Purpose of this Thread: Develop a meaningful understanding of the fundamental source of our ongoing debate. Since we all have a lot at stake, this is an important conversation. First, a couple brief foundational concepts. . . .
We Are All Trapped in a Tiny Perceptual Bubble. One of the most challenging aspects of building anything on a large scale is distinguishing between perception vs. reality. It’s difficult because, for the human brain, perception is reality. But human perception is not objective reality because every human brain is trapped in a tiny bubble. There are many fundamental reasons for this in physics, quantum physics, biology, ontology, metaphysics, spirituality, etc., all of which are beyond the scope of this post. However, at the level of human communities, the size of our perceptual bubble is determined by each person’s age, education, culture, birth era, and life experience.
The Bubbles of Children vs. Adults. We see this perceptual bubble phenomenon most dramatically when we compare the reasoning capacity of a child to an adult. In addition to obvious biological factors, the perceptual contrast between a child and an adult exists because the perceptual bubble of a child’s brain is significantly smaller than the perceptual bubble of an adult’s brain. Regardless, we are all trapped in a bubble; so, the key questions are: Do we recognize our bubbles and do we make a sincere effort to expand our bubbles? (BTW, I’m not calling anybody in this community “children.” So nobody needs to distort my words and jump to any more false accusations like they did in the other threads.)
Now on to the more specific socioeconomic and Cardano stuff. . . .
Is Unlimited Profit/Control for a Lucky Few a Higher Priority than a Sustainable Ecosystem? This question is the essence of the debate in the Will ADA Whales Ever Give Up Their Power? and What is Cardano’s Purpose? threads. Based on the overall feedback so far, there seems to be substantial community consensus on this issue: Sustainability is more important than unlimited profits/control for a few. (I said “community consensus,” not “whale consensus.” Obviously, the whales probably have a different perception at this moment.) Achieving community consensus is important, and generally it’s all that is necessary for a community to remain together within a truly democratic system. (Of course, we know now that Cardano will never be truly democratic based on the current ADA distribution, but let’s ignore that reality for a moment to stay focused on why we’re having this debate in the first place.)
Politics vs. Economics Is a False Dichotomy: The Birth of Political Economy. Succinctly, politics is the study of power/influence. Economics is the study of how scarce resources and value are distributed throughout a society, but the distribution decisions are based on human governments and laws that are controlled by human power/influence. Thus, economics and politics are inseparable. This is why the field of “Political Economy” was the original field that Adam Smith founded when he published his book, The Wealth of Nations, in 1776. In fact, classical liberals like Adam Smith, J.S. Mill, Locke, Hobbes, Montesquieu, and all the U.S. Founding Fathers never believed economics could be legitimately separated from politics. This is why “Political Economy” was the label generally used to describe all economic activity until 1890.

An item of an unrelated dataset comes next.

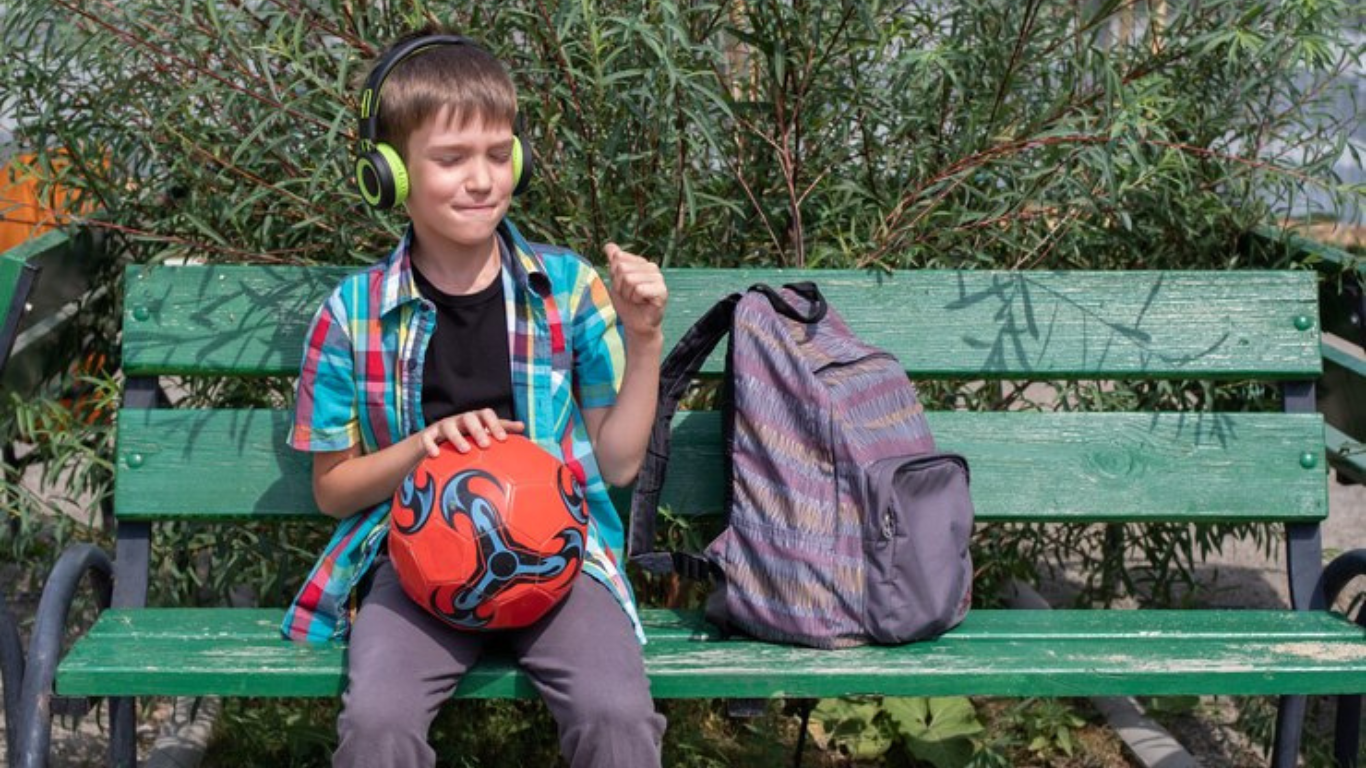 Bagsglobal | Boy sitting with kids sports bags and a basketball in hand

Politics vs. Economics Is a False Dichotomy: The Birth of Economics. The field of pure “Economics” came much later in the 19th Century when Alfred Marshall published his 1890 academic textbook, Principles of Economics. He published that textbook in response to corporations and politicians who wanted to start developing academic theories and models to justify the profit motives of corporations and nations (in particular, U.S. corporations and the USG). By design, all academic economic models and theories (including Mises’ “Theory of Money and Credit” and Keynes’ “General Theory of Employment, Interest and Money”) explicitly and structurally ignore the complexities of politics and human nature. This fundamentally distorts their models and all conclusions derived from their models.

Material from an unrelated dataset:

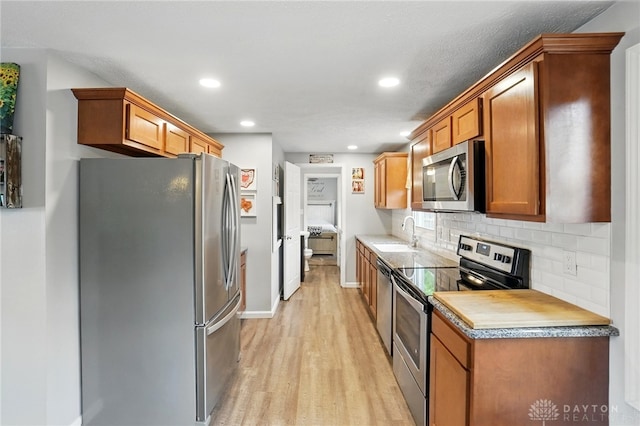 kitchen featuring stainless steel appliances, a sink, light wood finished floors, backsplash, and recessed lighting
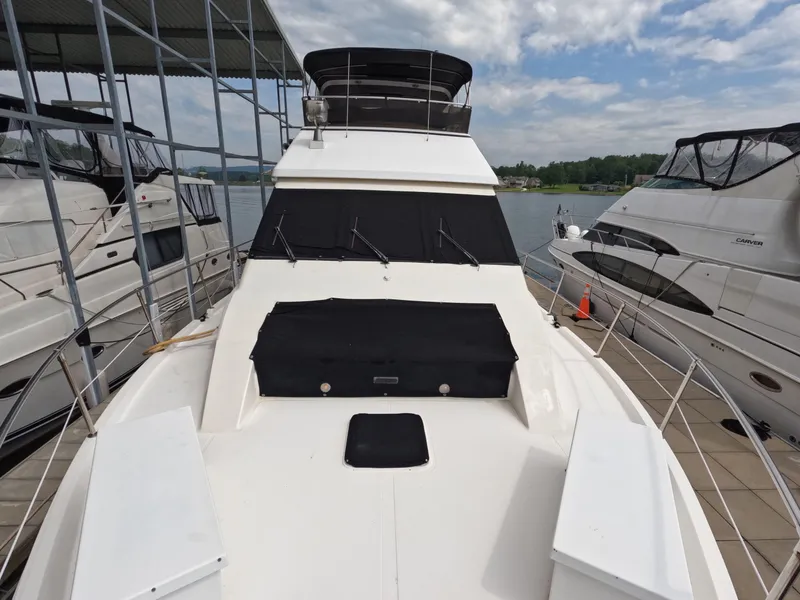 Slide: The Image of 1988 Viking Gulfstar 55 MY yacht docked, showcasing sleek design and spacious deck. - 28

Separating Economics from Politics Creates Many Socioeconomic Problems. The artificial and arbitrary separation between Economics and Politics was inconceivable to classical liberals like Adam Smith because they knew that they’re simply two sides of the same coin: There is no free-market economy without meaningful democratic governance, and there is no meaningful democratic governance without a sustainable economy that distributes value equitably throughout a society. (I did not say “equally.” There’s a huge difference.) Classical liberals understood that trying to separate economics from politics is like trying to separate hydrogen and oxygen atoms in H2O: It’s no longer life-giving water if you separate their components. So, why is this important? Because this artificial separation leads to many problems when governments, societies, and blockchain projects try to build equitable and sustainable economic systems based on Mises’ and/or Keynes’ academic theories.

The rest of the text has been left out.